Remember when we were arguing with Rutgers bloggers about which athletic director was worse?
I'm still giddy about Saturday. What a comeback, what a game, what a win!
I did get some texts from friends after we were up 27-19 asking the same question I was thinking: "Don't you wish we had kicked that PAT after the 3rd TD?" If we kick the PAT, we're up 21-19, then after the subsequent TD would have been up 28-19 leaving Wisconsin needing a TD and a FG.
This is a major pet peeve of mine. I'd like to know what people's thoughts are about going for the two-point conversion. Here's my view:
1) In general, unless there is less than ~7 minutes to go in the fourth quarter, don't go for two.
2) Exception #1: You are down so much that the only possible chance you have is multiples of 8. e.g. There is 1:15 left to go in the third quarter and you're down 24 points. If you score, go ahead and try for 8 each time.

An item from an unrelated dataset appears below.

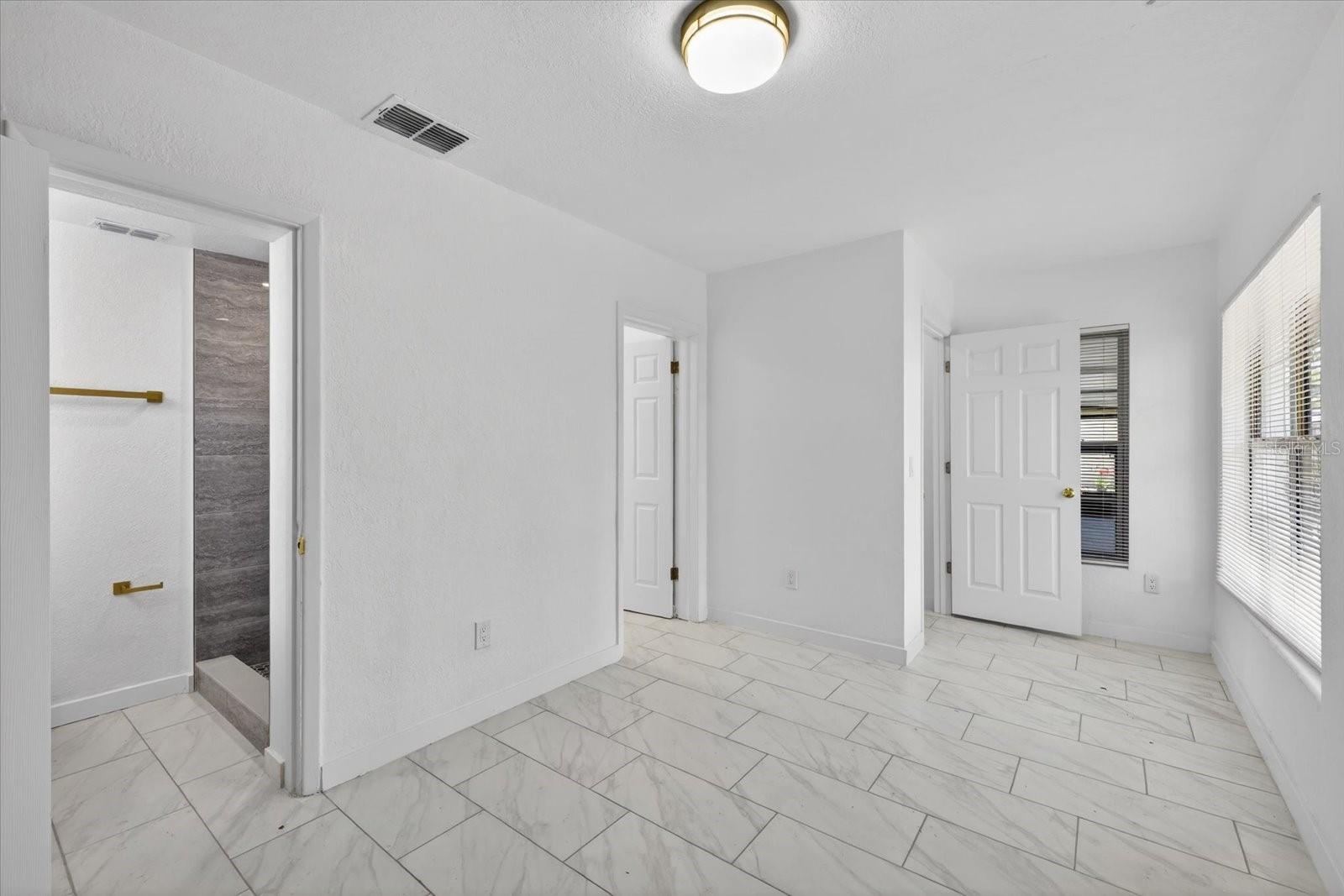 Image 16 of 36 For 1465 Parkwood Street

3) Exception #2: The weather is so bad you might not ever score again. e.g. Notre Dame two weeks ago: We are down 28-17 for part of the 2nd quarter and all of the third. If we had scored a TD late in the third quarter, I might have gone for 2, to get us within 3. (Alas, that never ended up being one of the things we had to wrestle with that day...)

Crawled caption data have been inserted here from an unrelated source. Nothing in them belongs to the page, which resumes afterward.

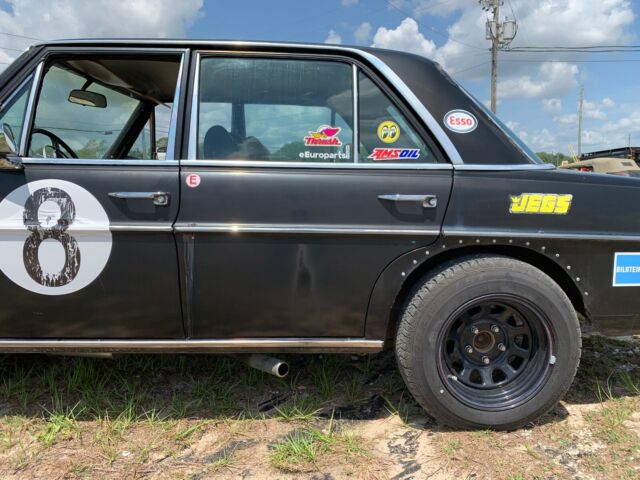 1972 Mercedes-Benz 200-Series - photo 10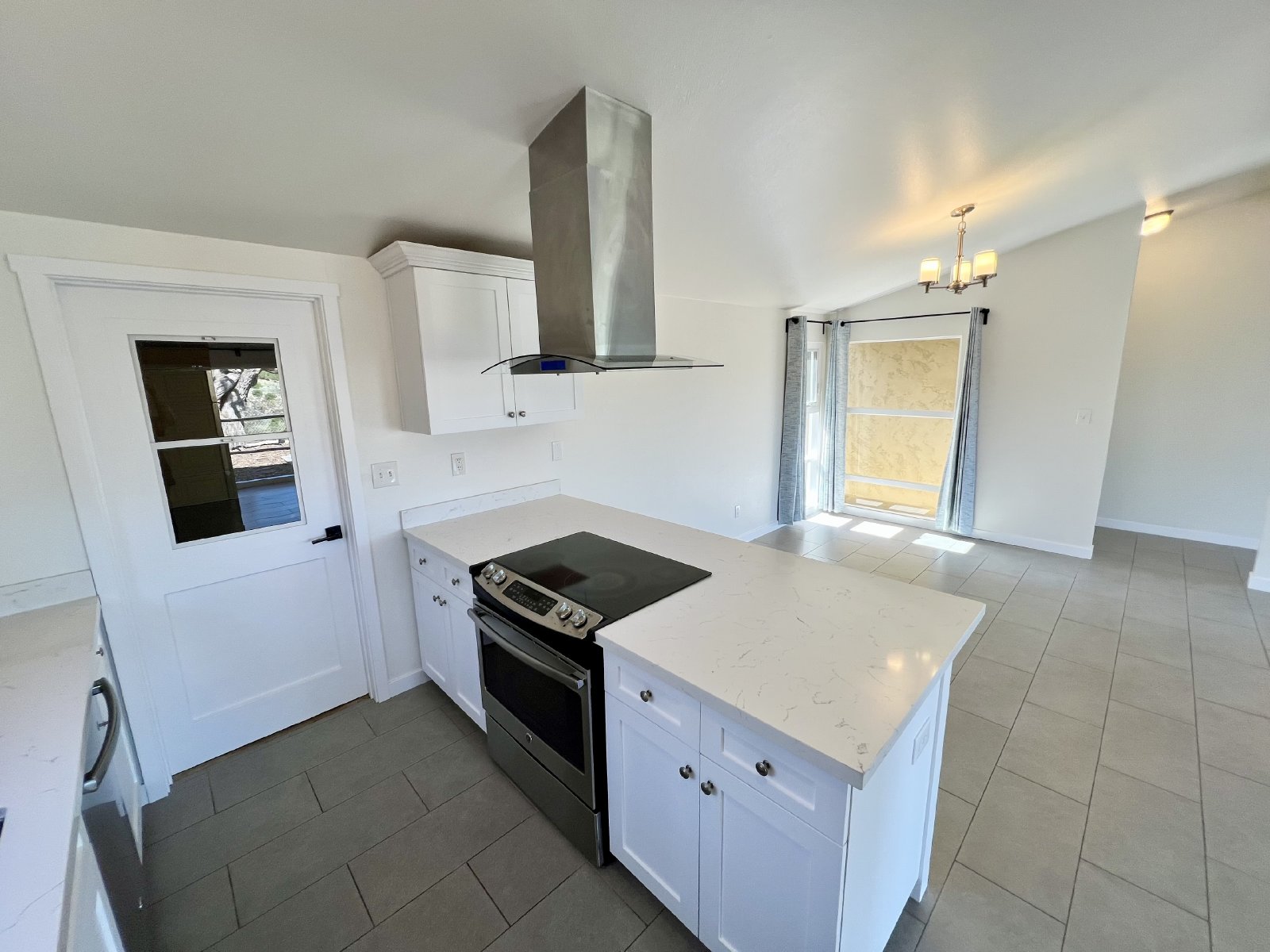 Charming 3-Bed, 2-Bath Home with Canyon Views & Attached Garage property image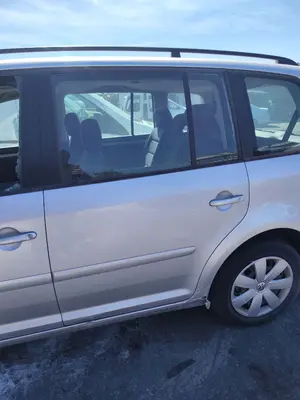 Foto de PUERTA TRASERA IZQUIERDA VOLKSWAGEN TOURAN (1T1) 1.9 TDI (105 CV / 77 KW)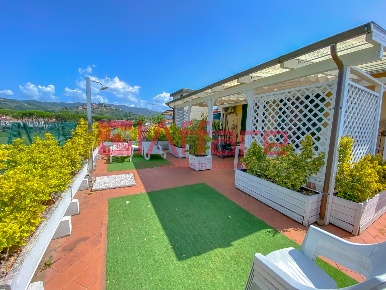 Foto Attico a Buggiano di 150 m² con 5 locali in vendita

So once you've got less than half of the fourth quarter to go, pull out your chart that tells you whether or not to go for it; otherwise, kick the PAT, take your point and move on. I understand that this one is somewhat philosophical. Sort of like how some coaches will never take the FG off the board even if the penalty would give them a first down. Or deciding whether to double or just hit your 11 against the dealer's ten. Maybe the important thing is just being consistent.
Obviously, nobody knew Threet had the 58 yard run in him, or that we'd go score the next TD. And if we'd gotten the 2, AND the subsequent TD and PAT, then the game would have been REALLY out of reach. Still, it is still frightening that we were a penalty and some great D-line pressure away from OVERTIME yesterday.